**1/2 (out of four)
DIRECTED BY Kevin Reynolds
STARS Joseph Fiennes, Tom Felton
Joseph Fiennes and Tom Felton in Risen (Photo: Sony)
Its latest offering is Risen, and what's perhaps most surprising about the film is its restraint. Most other faith-based films of recent vintage tend to preach only to the choir — and by choir, I don't mean Christians in general but those dangerous armies of hypocritical right-wing zealots, the ones who, say, believe that Obama is not only a Muslim but also the head of ISIS, or who think that evangelists like Elevation Church's Steven Furtick are following in the footsteps of Jesus by living like billionaires and preaching in palatial churches that resemble Vegas casinos. Yet Risen is a religious picture measured enough to appeal to filmgoers of all persuasions — in other words, no one had the bright idea of casting Rush Limbaugh as one of the disciples or hiring Ben Stein to serve as the voice of God. It's just too bad it's not a bit better, since its modesty also leads to a noticeable lack of — and pun absolutely not intended — passion.

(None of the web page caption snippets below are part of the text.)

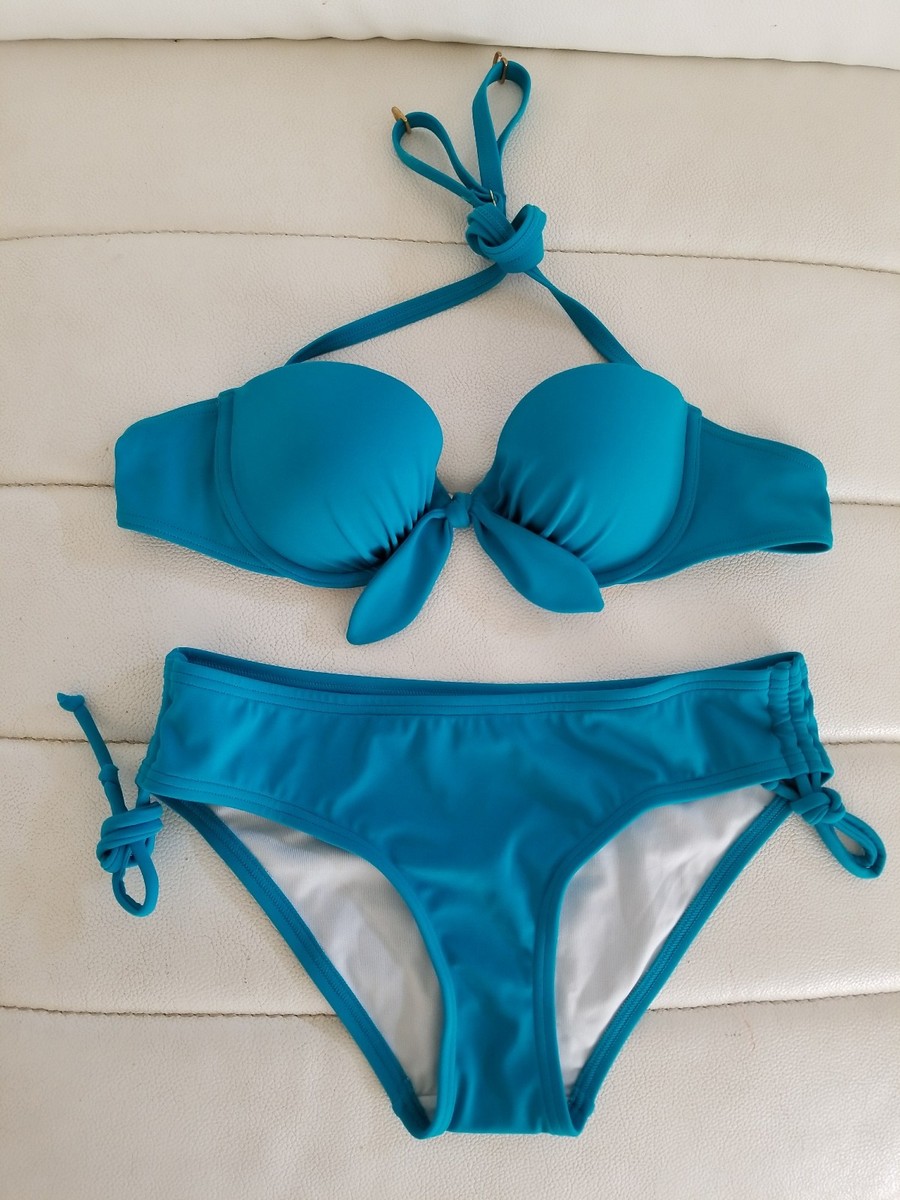新品(32A/S) victoria's secret バンドゥービキニset Victoria's Secret Swim Bondeau BIKINI TOP BOTTOMS 32A XS Turquoise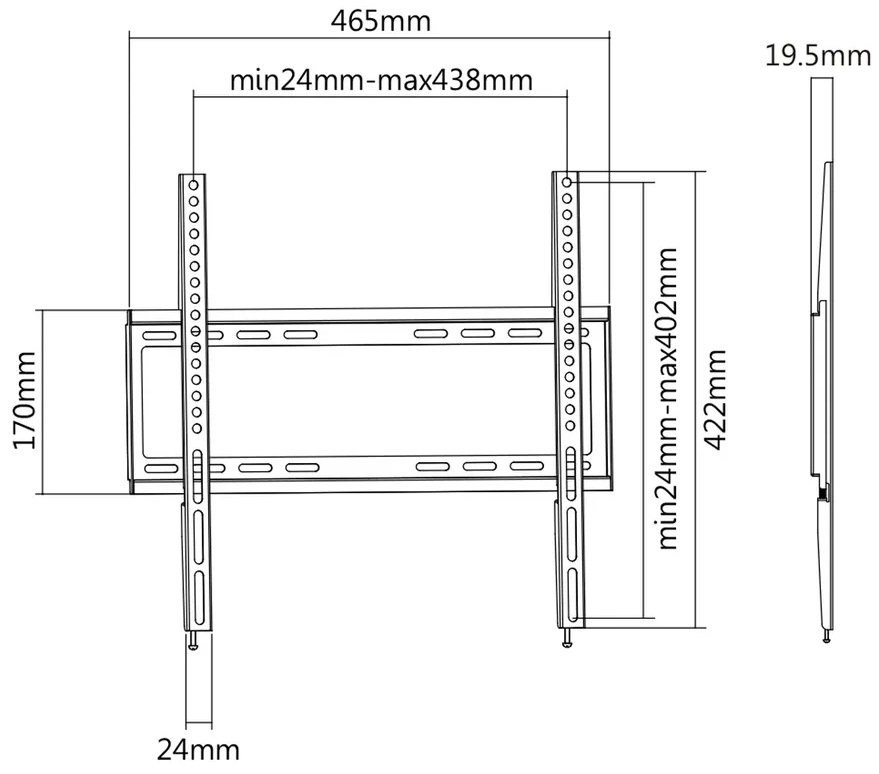 STAFFA TV/MONITOR 32/55 BK NEW MAX 35KG MAX VESA 400*400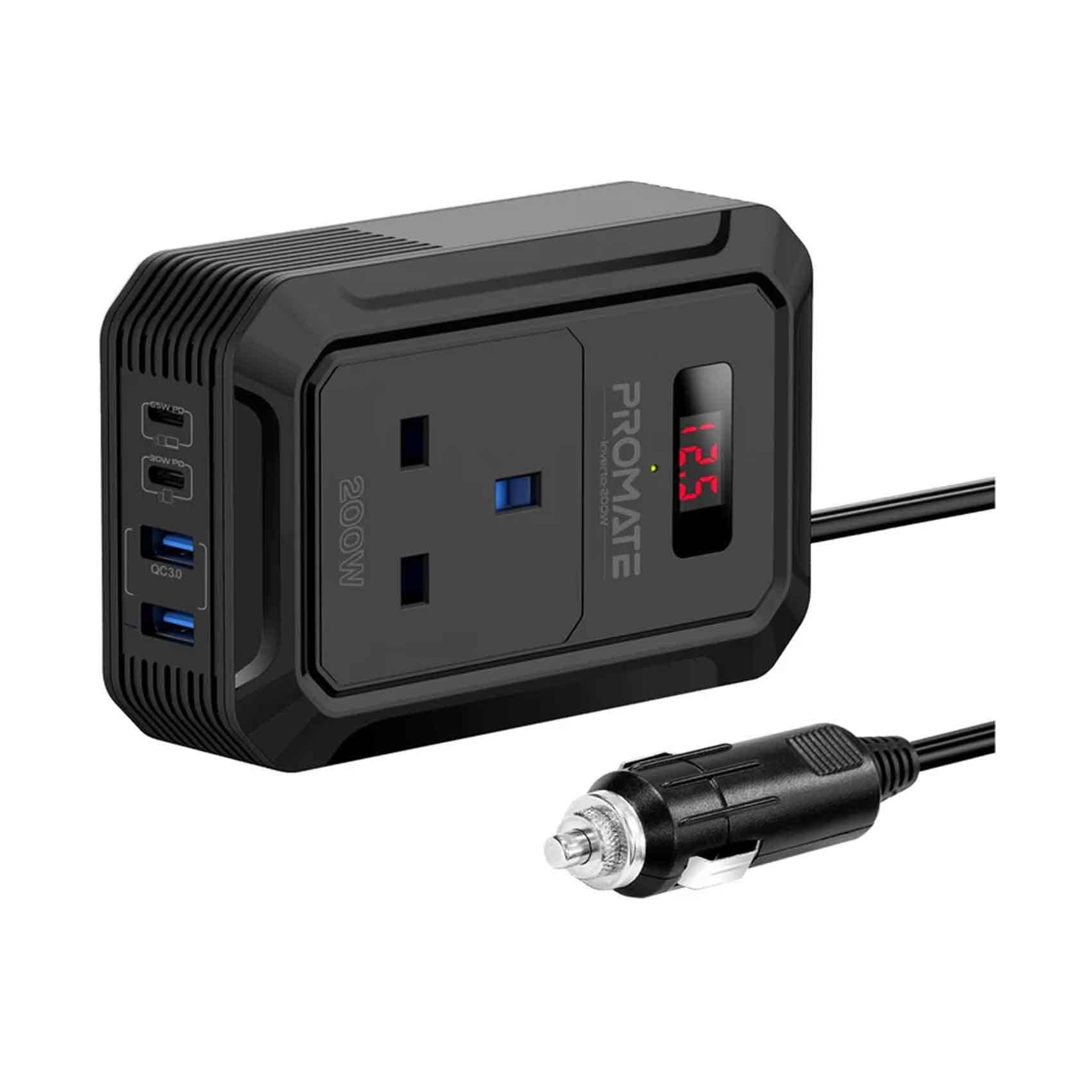 Promate Multi Port DC to AC Power Inverter AC Socket 200W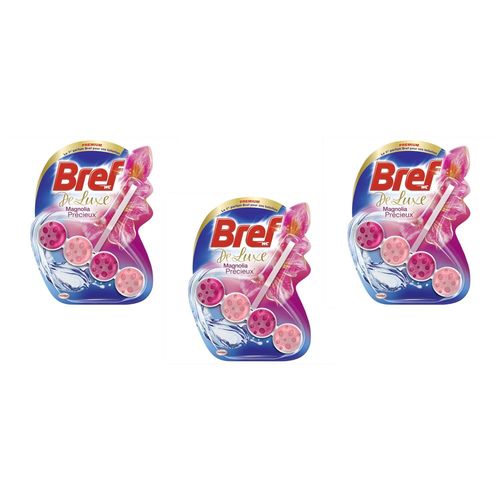 Bref Lot de 3 Deluxes Magnolia précieux  Bloc WC (50g)  Nettoyant WC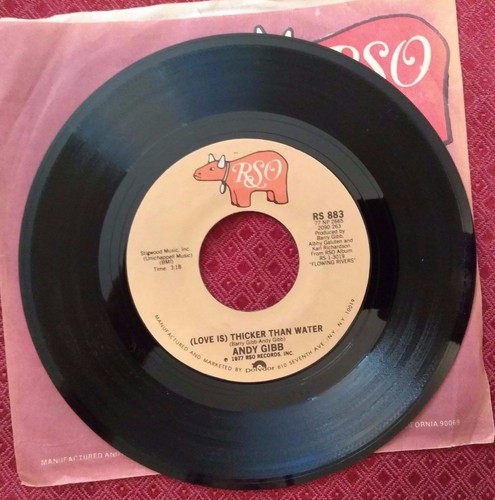 Andy Gibb -(Love is)Thicker Than Water / Words and Music- 1977 RSO - RS883 - Picture 5 of 6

Joseph Fiennes plays the central character of Clavius, a Roman officer who's ordered by Pontius Pilate (Peter Firth) to locate the missing body of Jesus after it disappears from the cave in which it was laid following His crucifixion. As Clavius sets out on his investigation, gathering evidence and interviewing witnesses, he starts to wonder if Christ was indeed more than just a man. In essence, Fiennes is playing George Clooney's role in the film-within-the-film of Hail, Caesar!, minus the ample laughs. Fiennes is fine in the part, and those keeping track of what the Harry Potter gang has been doing will be interested to learn that Tom Felton (Draco Malfoy) appears as Clavius' assistant. But director Kevin Reynolds (Waterworld), who also co-wrote the screenplay with Paul Aiello, often adopts the restrictive impulses of those otherwise sturdy religious flicks of yesteryear, the ones which wouldn't even allow the camera to gaze upon the face of Jesus (or, rather, the extra cast as Him). Risen does give us a Jesus in actor Cliff Curtis, but he remains a beatific cypher, and the takeaway is that, in the same distancing manner as those black-themed pictures told through the eyes of white protagonists, here's a Biblical yarn related not through Christ Himself or even his disciples but rather an individual late to the party. It's not an uncommon approach, but in its focus on the manhunt rather than the man, it basically turns the greatest story ever told into a Very Special Episode of CSI.